Realtime Updates Pattern in System Design

• Real-time Updates addresses the challenge of delivering immediate notifications and data changes from servers to clients as events occur.

• For realtime updates most of the time polling would be the correct approach to implement, simple, easy to use, need not complicate with websockets or pub-sub. Before taking a decision Ask interviewer how real-time it needs to be ?

• If answer is nearly real-time or fairly responsive then polling is adequate.

• Eg for Google Docs, if we poll every few milliseconds asking server is there an update, it would result into overwhelming the server with loft of requests.

let’ see what happens under the hood ?

• docs.api.google.com -> needs to be converted to an IP address, this requires round trip to the server(which is an overhead)

• now we establish a TCP connection to the server, TCP requires a 3-way-handshake

• Now the connection is established.

• Now when we need to close the connection we need to send a 4-way-handshake.

• Most of the time say there is no new typing in Google Docs, so we just burn through a lot of networking overhead for nothing.

• HTTP ; therefore falls short for realtime as it follows request-response cycle, client requests, and server responses and the connection closes.

Networking layers

• ** Network Layer (Layer 3):** At this layer is IP, the protocol that handles routing and addressing. It’s responsible for breaking the data into packets, handling packet forwarding between networks, and providing best-effort delivery to any destination IP address on the network. However, there are no guarantees: packets can get lost, duplicated, or reordered along the way.

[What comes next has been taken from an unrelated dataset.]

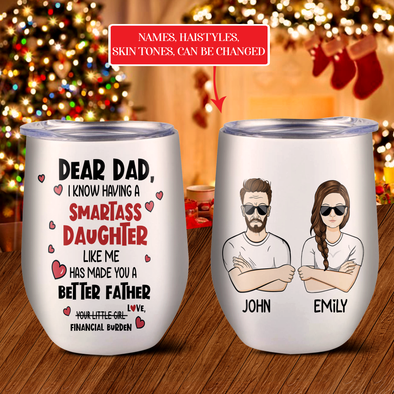 Personalized Gift For Dad Financial Burden Wine Tumbler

• Transport Layer (Layer 4): At this layer, we have TCP and UDP, which provide end-to-end communication services:

  • TCP is a connection-oriented protocol: before you can send data, you need to establish a connection with the other side. Once the connection is established, it ensures that the data is delivered correctly and in order. This is a great guarantee to have but it also means that TCP connections take time to establish, resources to maintain, and bandwidth to use.

  • UDP is a connectionless protocol: you can send data to any other IP address on the network without any prior setup. It does not ensure that the data is delivered correctly or in order. Spray and pray!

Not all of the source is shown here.